Now, I just want to leave you with three terms here that look at global poverty. And the first one is the feminization of poverty. And this is the idea that there's a higher proportion of females in poverty than ever before. And this is happening on a global stage. So across the world, females, all of a sudden-- relatively sudden, I should say-- you're much more likely to be living in poverty and dealing with poverty if you're a female.

Also there, we have colonial power and imperial power. Now, these two terms are kind of historically based. So a colonial power is a nation that gained power, or gains power, through the use of colonialism. So colonialism is when a nation develops. They go to a country, and they start to dominate and extract resources. And they specifically though, they send people there to settle and live there.

Now, imperial power, nations gain power through the use of imperialism. And imperialism and colonialism are very similar. You have a nation going out and going to another nation, and exploiting them, and exercising their power over them, and taking resources away from that native group. But there's no-- there's no real settlement there. It's purely the exercise of power.

So you might be saying, well, how do these deal with poverty? Well, if you look at the current global stratification, the current inequality between nations, colonial powers and imperial powers are nations that are still wealthy today. And nations that were victims or subject to these two terms, these two times, they are the poor nations in the world.

So today's takeaway message-- first, we looked at three different types of poverty. Relative poverty, which is when you're comparing yourself to another one and you're considered poor. Functional poverty, when you're really missing the basics-- or sorry, when you only have the basics of surviving, and that's basically food and shelter.

And then there's absolute poverty. And this is the extreme form of poverty, where people are actually living in danger. Their life is in danger because of poverty.
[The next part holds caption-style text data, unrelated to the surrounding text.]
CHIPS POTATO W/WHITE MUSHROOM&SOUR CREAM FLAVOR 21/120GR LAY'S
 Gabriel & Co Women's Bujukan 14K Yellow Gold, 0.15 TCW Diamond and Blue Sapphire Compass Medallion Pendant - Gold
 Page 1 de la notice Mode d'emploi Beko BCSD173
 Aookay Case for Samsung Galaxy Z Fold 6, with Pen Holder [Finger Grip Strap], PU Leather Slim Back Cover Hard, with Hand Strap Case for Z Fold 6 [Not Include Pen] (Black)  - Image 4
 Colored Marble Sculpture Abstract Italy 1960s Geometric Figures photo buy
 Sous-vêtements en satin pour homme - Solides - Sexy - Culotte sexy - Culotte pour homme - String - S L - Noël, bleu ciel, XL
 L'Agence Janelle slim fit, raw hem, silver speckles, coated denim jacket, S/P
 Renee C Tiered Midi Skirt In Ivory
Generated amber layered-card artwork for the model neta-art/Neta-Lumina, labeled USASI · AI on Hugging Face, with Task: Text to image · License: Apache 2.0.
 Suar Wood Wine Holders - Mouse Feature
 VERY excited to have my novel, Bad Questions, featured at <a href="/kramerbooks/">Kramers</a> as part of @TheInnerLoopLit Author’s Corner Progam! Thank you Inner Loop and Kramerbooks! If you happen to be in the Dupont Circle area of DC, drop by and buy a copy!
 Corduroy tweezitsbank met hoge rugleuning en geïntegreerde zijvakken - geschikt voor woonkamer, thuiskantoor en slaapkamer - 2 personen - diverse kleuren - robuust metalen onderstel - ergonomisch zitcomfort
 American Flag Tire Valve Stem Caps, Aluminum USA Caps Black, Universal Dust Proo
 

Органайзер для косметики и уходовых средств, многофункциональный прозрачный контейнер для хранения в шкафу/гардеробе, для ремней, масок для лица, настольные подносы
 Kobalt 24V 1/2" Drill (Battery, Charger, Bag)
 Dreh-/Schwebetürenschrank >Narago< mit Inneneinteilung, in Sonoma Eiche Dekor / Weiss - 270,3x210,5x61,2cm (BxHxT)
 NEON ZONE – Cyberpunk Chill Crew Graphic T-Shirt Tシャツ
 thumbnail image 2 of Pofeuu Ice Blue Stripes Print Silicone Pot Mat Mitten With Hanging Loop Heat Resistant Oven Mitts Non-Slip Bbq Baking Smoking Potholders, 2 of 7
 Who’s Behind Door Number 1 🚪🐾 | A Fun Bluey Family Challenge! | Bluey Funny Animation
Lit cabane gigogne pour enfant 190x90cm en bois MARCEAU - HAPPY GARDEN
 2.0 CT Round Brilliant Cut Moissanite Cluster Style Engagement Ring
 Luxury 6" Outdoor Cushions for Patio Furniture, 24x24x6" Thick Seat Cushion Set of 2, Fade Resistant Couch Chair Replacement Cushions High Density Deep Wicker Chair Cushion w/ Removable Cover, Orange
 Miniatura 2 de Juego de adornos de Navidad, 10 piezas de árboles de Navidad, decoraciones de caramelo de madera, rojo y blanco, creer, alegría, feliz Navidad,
Then we looked at individual welfare, which is when you give support to individual citizens to ensure a minimum quality of life. And we looked at corporate welfare, and that's when you're giving money or support to a private business. We also looked at homelessness, and those are members of society who do not have adequate housing.

Lastly, we looked at imperialist power, colonial power, and feminization of poverty. So the feminization of poverty is this shift in the demographics that you see a higher portion of females now in power than-- now in poverty than ever before. Then we looked at colonial power. And that's data that nations have gained power through the use of colonialism. Or imperial power, where nations have gained power through the use of imperialism.

Well, that's it for this lesson. Good work. And hopefully, you'll be seeing me on your screen again soon. Peace.

Terms to Know
Absolute Poverty

A form of poverty that is so extreme that individuals suffering from absolute poverty live in danger.

Colonial Power

Power gained through colonial settlement.

Corporate Welfare

Aid or tax breaks to corporations with the hopes that they create jobs which trickle down to individuals.

Feminization of Poverty

A shift in the demographics of poverty in which we see a higher proportion of females in poverty than before.

Functional Poverty

A form of poverty in which a person can only meet their basic, functional needs of food and shelter with little else.


A social phenomenon describing members of society who do not have adequate housing.

Imperial Power

Power gained through imperial expansion, through establishing economic control over a territory for the purpose of exploitation or resource extraction.

Individual Welfare

Aid to individuals directly.

Relative Poverty

A form of poverty where one person is poor relative to another.